Okay, so I'm thinking that I didn't read the recipe properly yesterday. Or else I did something wrong, like overcooking the ginger. The ginger and syrup was one big lump of stuff, so it would have taken a month of Sundays to "drain the ginger". So I reheated the saucepan a bit, and added a little bit of water to thin the syrup.
Once the syrup was thin enough to actually remove the ginger and lemon, I followed the directions and set out the bits of ginger and lemon on a rack. The bits of ginger were actually more like clumps of ginger... I tasted a piece and it was deliciously hot!
Yesterday I said I didn't think I had 5 cups of anything, although the recipe said it makes 5 cups. I poured the syrup into a measuring cup and I got almost exactly two cups. It is very sweet and quite gingery.
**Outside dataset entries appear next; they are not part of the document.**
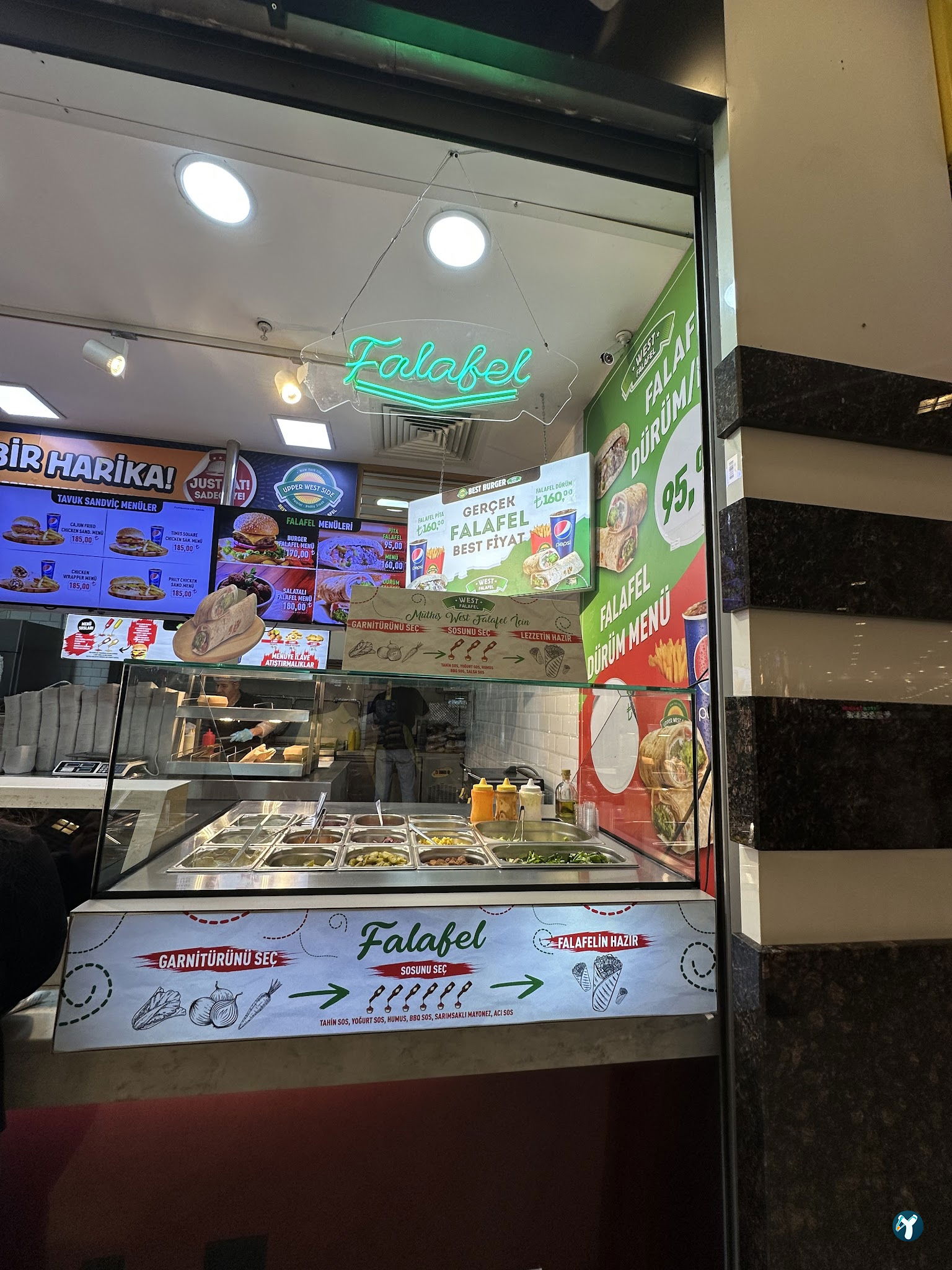 Upper West Side Falafel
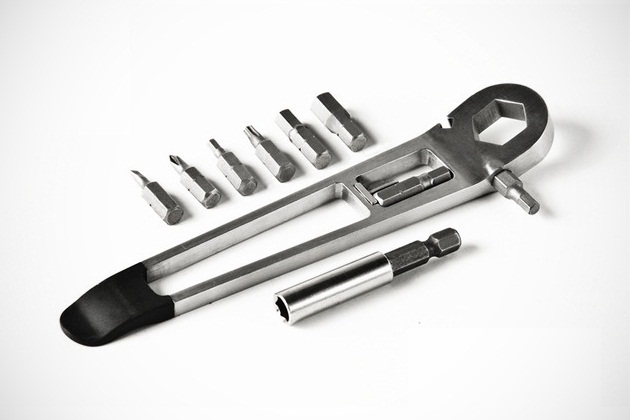 The Nutter Bicycle Multi tool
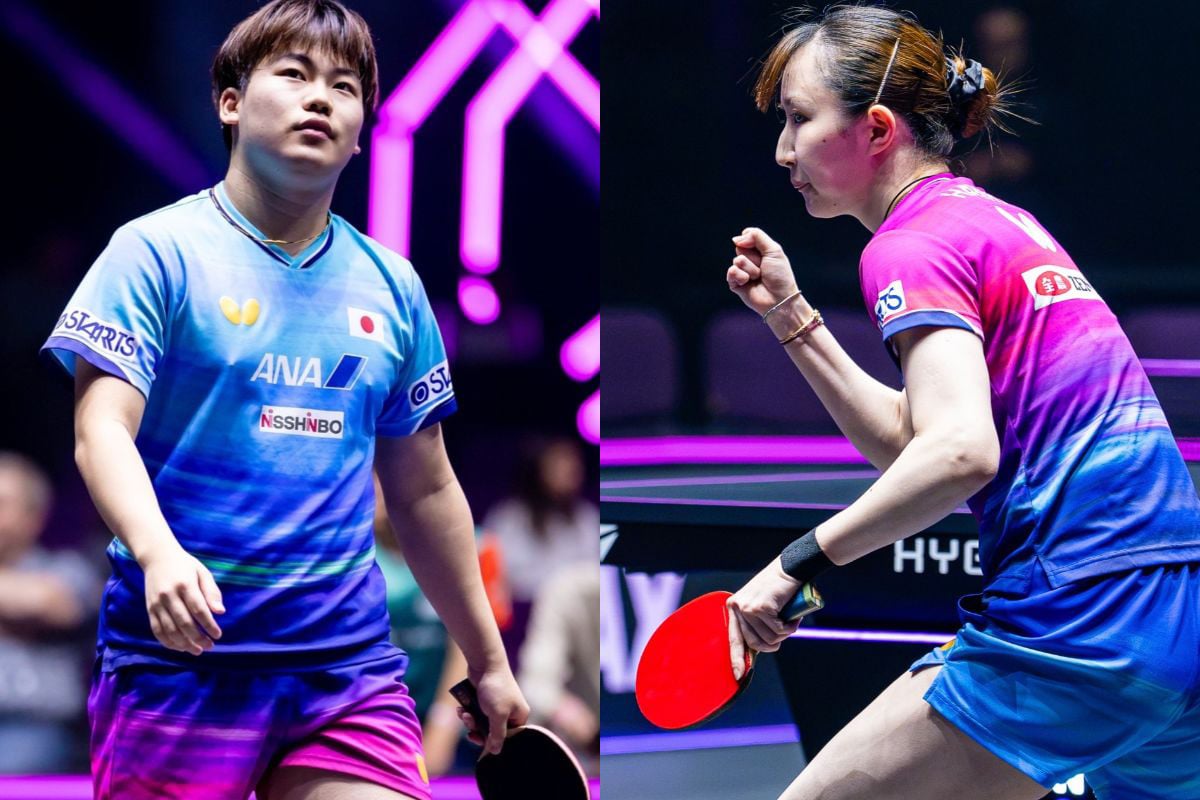 卓球日本のサウスポーが初戦突破 世界1位・松島輝空はドイツの難敵に粘り勝ち 早田ひなは香港エースをストレート撃破【WTTチャンピオンズモンペリエ2026】 卓球日本のサウスポーが初戦突破 世界1位・松島輝空はドイツの難敵に粘り勝ち 早田ひなは香港エースをストレート撃破【WTTチャンピオンズモンペリエ2026】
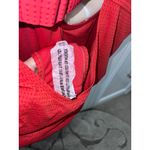 NWT RHODE x Target Women's 2X Red Embossed Dot Ruffle One Piece Swimsuit Photo 9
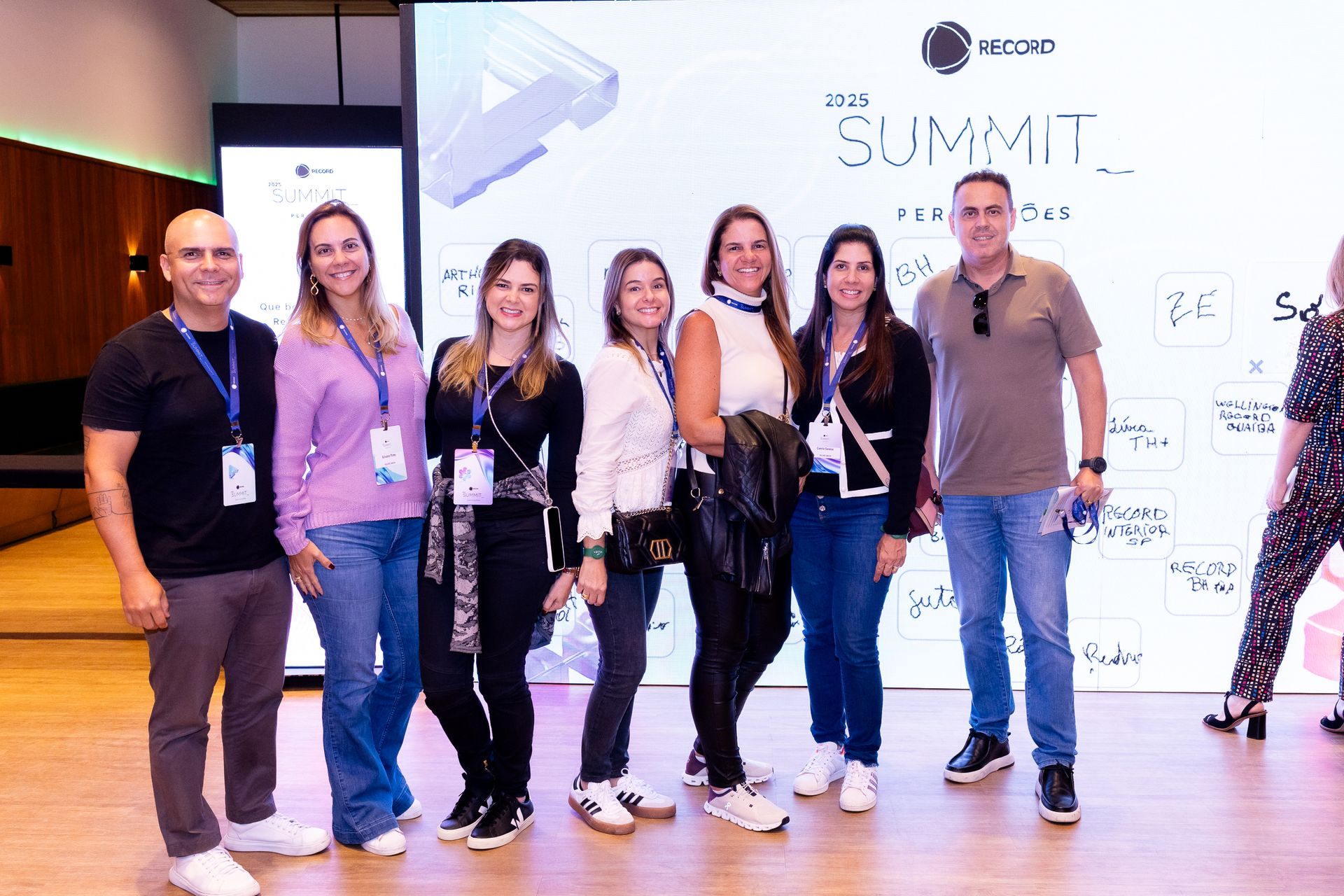 Record SUMMIT Percepções - 2 - 26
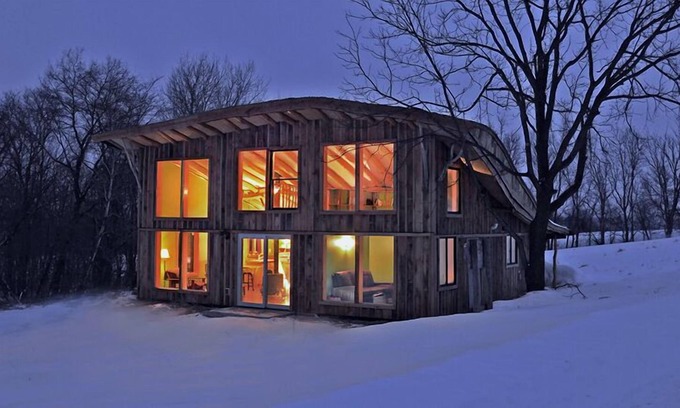 Potosi House | Tusen Takk: Place of a Thousand Thanks!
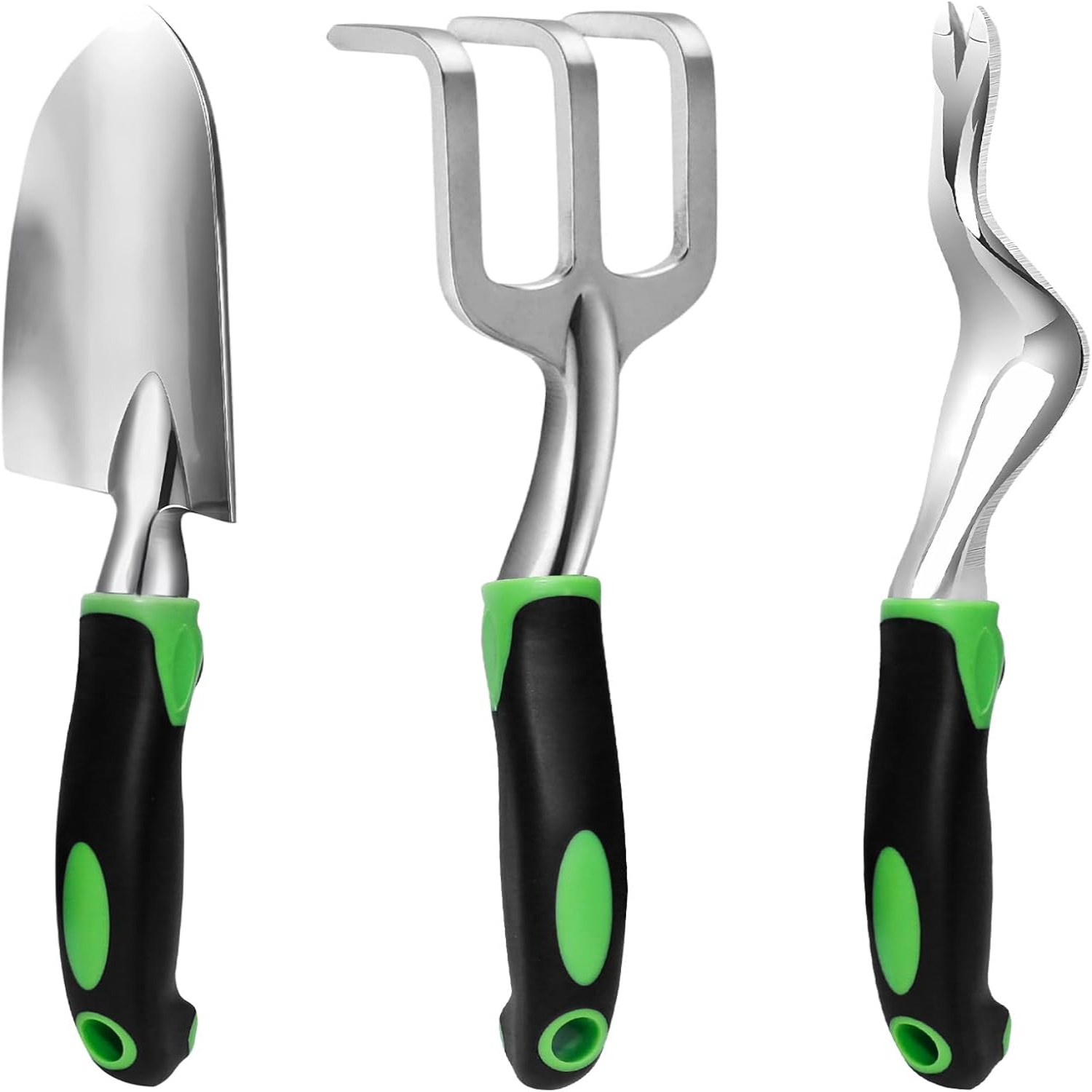 Garden hand tools set,3PCS Alu - Soil Scoop Tool avis et prix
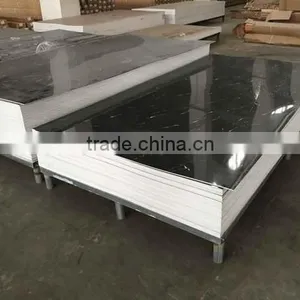 Artificial Marble Dining Table thumbnail-1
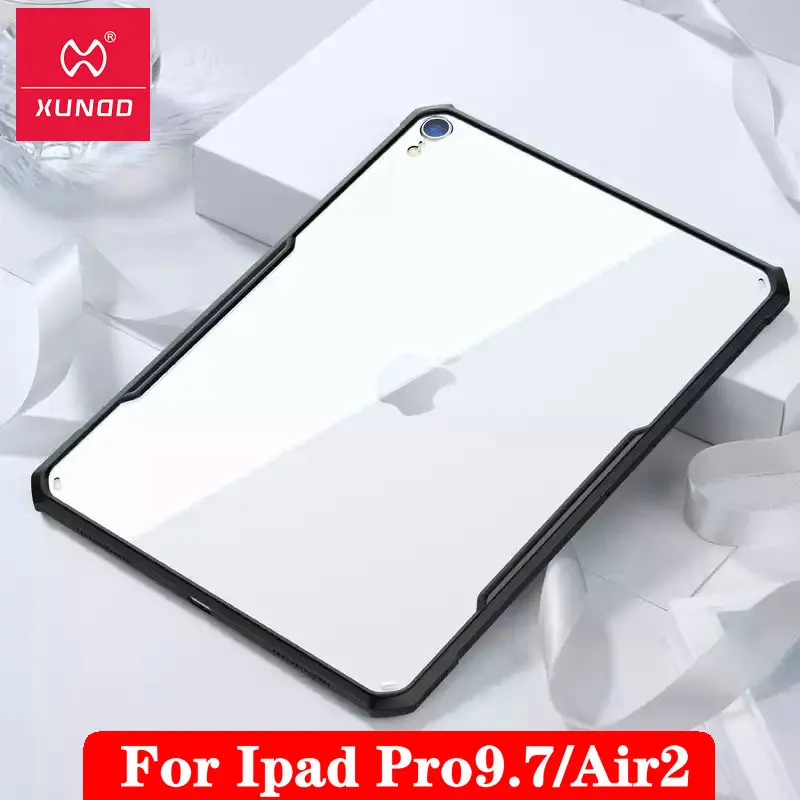Прозрачный чехол XUNDD для Ipad Pro 9 7 дюйма детский безопасный противоударный бампер с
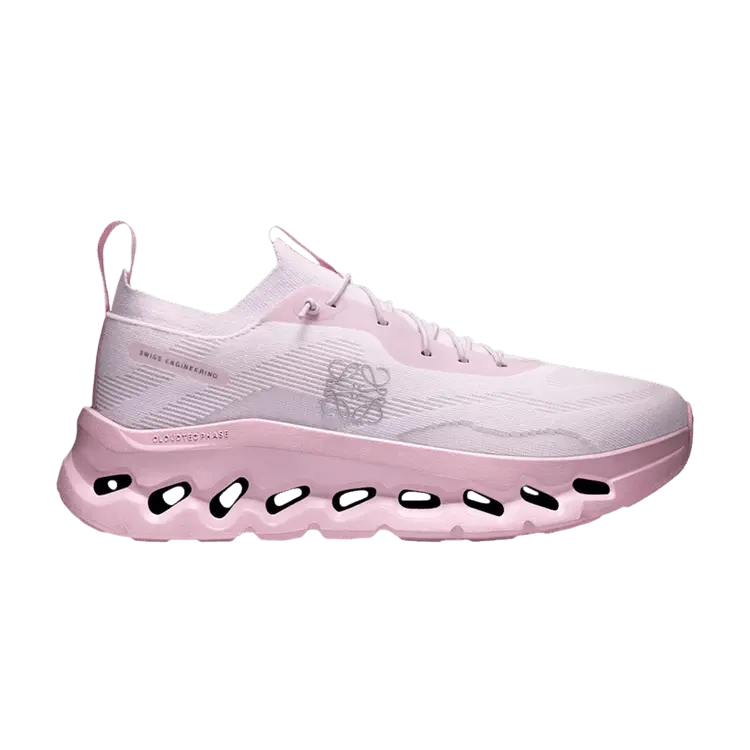 Кроссовки Loewe x Wmns Cloudtilt 'Pale Pink', розовый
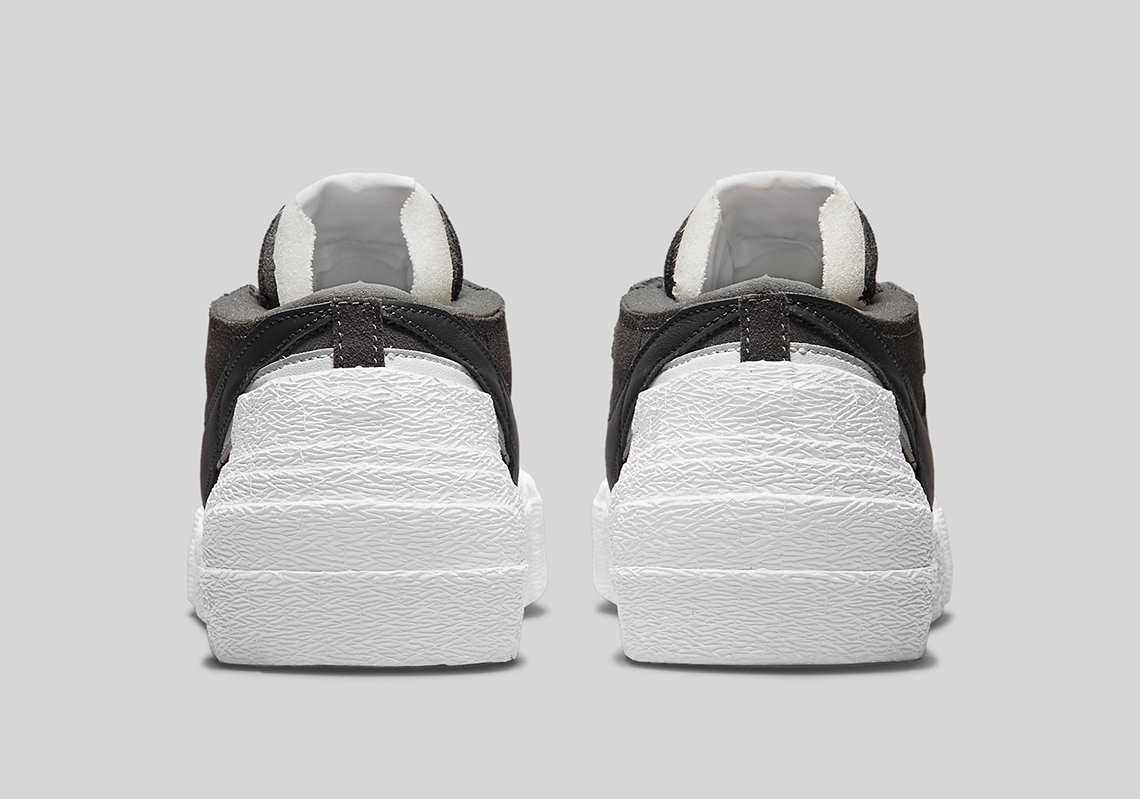 Sacai Nike Blazer Low Grey Dd1877 002 6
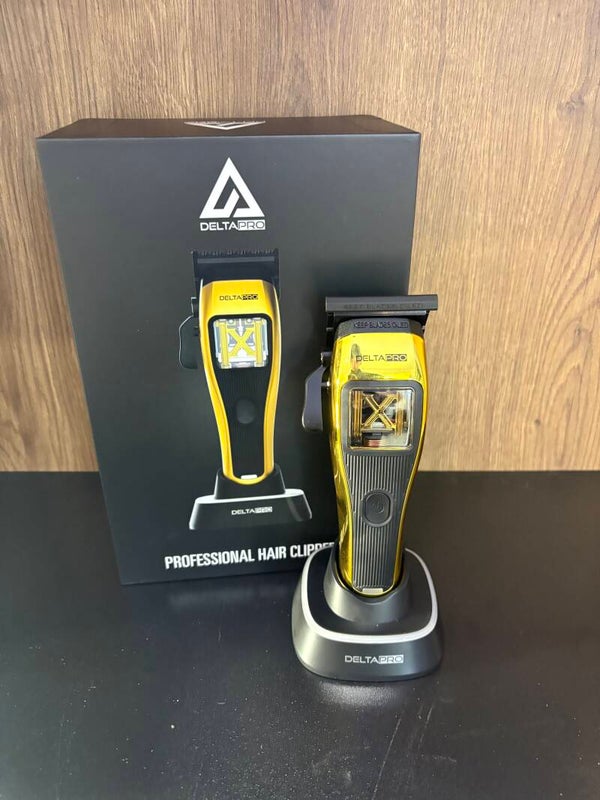 Tondeuse de Finition Delta Pro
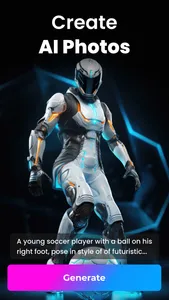 Imagepro AI - AI Art Generator screenshot 4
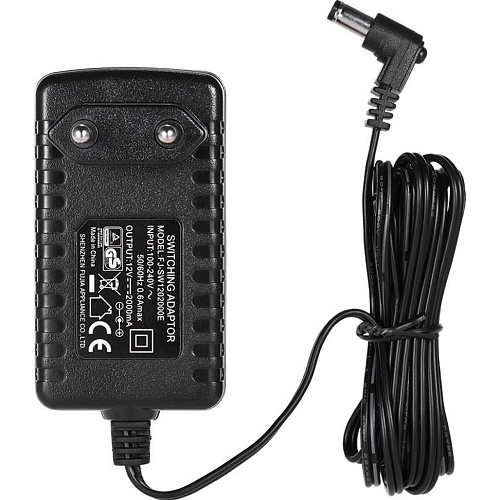 Блок питания Yongnuo 12V2AEU 12В 2А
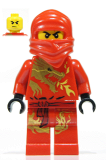LEGO njo009 Kai DX - Dragon Suit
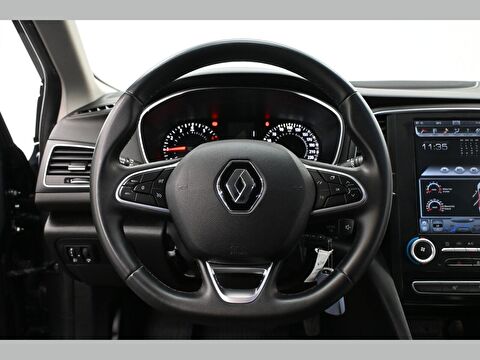 renault, megane, sedan 1.3 tce joy edc, otomatik, benzin 2.el otomobil | renew 13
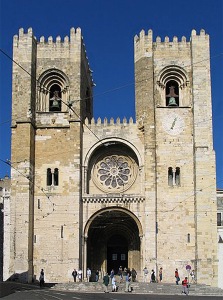 The Cathedral of Lisbon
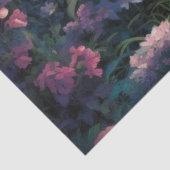 De Moonlight Butterfly Serie Ontwerp 6 Tissuepapier (Detail)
I took this photo after the syrup had cooled to room temperature, so you can can see how thick it is.. :)
Canton Candied Ginger
- Drain the ginger from day 4 cooking.
- Reserve the syrup for sauces or gingerbread.
- Put the ginger on a rack over a tray.
- Leave uncovered overnight.
- The next day, (day 5), roll the ginger in granulated sugar.
- Store in tightly covered glass jars.
Rereading this section, it now seems that I should have drained the ginger at the end of day 4. Oh well, will have to see how it turns out.